But let’s leave the tech details for a bit later and continue the Odyssey. ❤️
We can use GNNs to help beat cancer! By taking the protein/gene and drug interaction data and modeling the problem as a graph and throwing some GNN weaponry at it we can find a list of molecules that help beat/prevent cancer.
Once we have the most effective CBMs (cancer-beating molecules) we can create a map of foods that are richest in these CBMs, also called hyperfoods.
Here is a TL;DR: the hyperfoods are: tea, grape, carrot, coriander, sweet orange, dill, cabbage, and wild celery.
But, don’t overdose with these, I beg you! 😂
I know I started drinking green tea regularly after reading this paper. Who says that reading research papers is not healthy!? 🍎
On a side note, I take my nutrition very seriously. I’m regularly pushing both my body (I lift weights, etc.) and my mind to its limits so it’s very important to think of the recovery and rest as well. High quality sleep, omega-3s, nuts, vitamin D, green tea are some of my tricks.
But if you’re not a fan of nutrition (and causality in general 😜) then the following research may excite you even more — predicting (polypharmacy) drug side effects using GNNs!
Polypharmacy (using multiple drugs at the same time) side effects is something pretty much everyone will experience and we know that our grandparents are already experiencing it.
We basically can’t tell with certainty what will happen to you if you take 2+ random drugs.
Experimentally screening every single combination of drugs for side-effects is impossible due to the combinatorial nature of the problem — so computational methods such as GNNs to the rescue!
Aside from the polypharmacy side effects problem we’re facing an ever-growing threat from antibiotic-resistant bacteria that are evolving thanks to our irresponsible use of antibiotics.
Earlier in 2020, a super famous application of GNNs was published in Cell — A deep learning approach to antibiotic discovery.
Note: no free-access pdf, unfortunately (afaik), which makes me sad
Basically, by training a GNN on a dataset of molecules known to inhibit the growth of Escherichia coli, and later doing inference on a dataset of drugs under investigation, they “discovered” halicin-a molecule previously tested for its anti-diabetic properties now repurposed to be used as a potent antibiotic!

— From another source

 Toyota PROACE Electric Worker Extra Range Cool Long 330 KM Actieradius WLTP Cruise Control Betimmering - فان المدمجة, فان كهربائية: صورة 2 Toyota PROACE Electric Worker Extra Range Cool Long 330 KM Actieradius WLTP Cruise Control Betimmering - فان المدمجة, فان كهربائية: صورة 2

I’ve left out many exciting apps like predicting quantum properties of molecules, predicting molecule’s X chemical property (e.g. solubility), etc.
It’s an infinite list.
You can now see how dull and homogeneous the computer vision and NLP fields are! 😅
NLP: I manipulate text. CV: I manipulate images. Graph ML: hold my beer! 🍺
Jokes aside, there are some nice connections between CV/NLP and Graph ML. You can treat transformers as Graph Attention Networks operating on fully-connected graphs (but more on that later) and you can treat images/videos as regular graphs (aka grids).
Through this lens, everything is a graph. Now whether this abstraction makes actual sense is problem specific. Specialized models such as CNNs have some useful biases ingrained into them and you probably wouldn’t want to apply a GNN directly to image pixels (although GNNs are getting some serious traction in the CV world in one way or another).

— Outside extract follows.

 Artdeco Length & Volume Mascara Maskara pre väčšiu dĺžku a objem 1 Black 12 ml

Hopefully, I got you hyped up! Let me now show you some resources that I’ve found useful learning about Graph ML.
Note: I often mention GNNs but they are only a subset of the Graph ML field. Aside from GNNs there are graph embedding methods and many others.

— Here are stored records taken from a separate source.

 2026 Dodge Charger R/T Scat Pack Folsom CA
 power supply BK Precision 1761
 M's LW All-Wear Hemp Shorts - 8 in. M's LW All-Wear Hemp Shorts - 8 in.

Note 2 (on how you should (probably) read the following chapter): first read it without digressing into the resources which I’ve linked and only then start using it as a reference manual — because that’s what this blog is, it’s not your one-shot blog, read it and forget it, noup.
Fantastic GNNs and Where to Find Them
I don’t aim to provide you with an extensive overview of the Graph ML literature here, and I don’t think that would be useful at all for that matter.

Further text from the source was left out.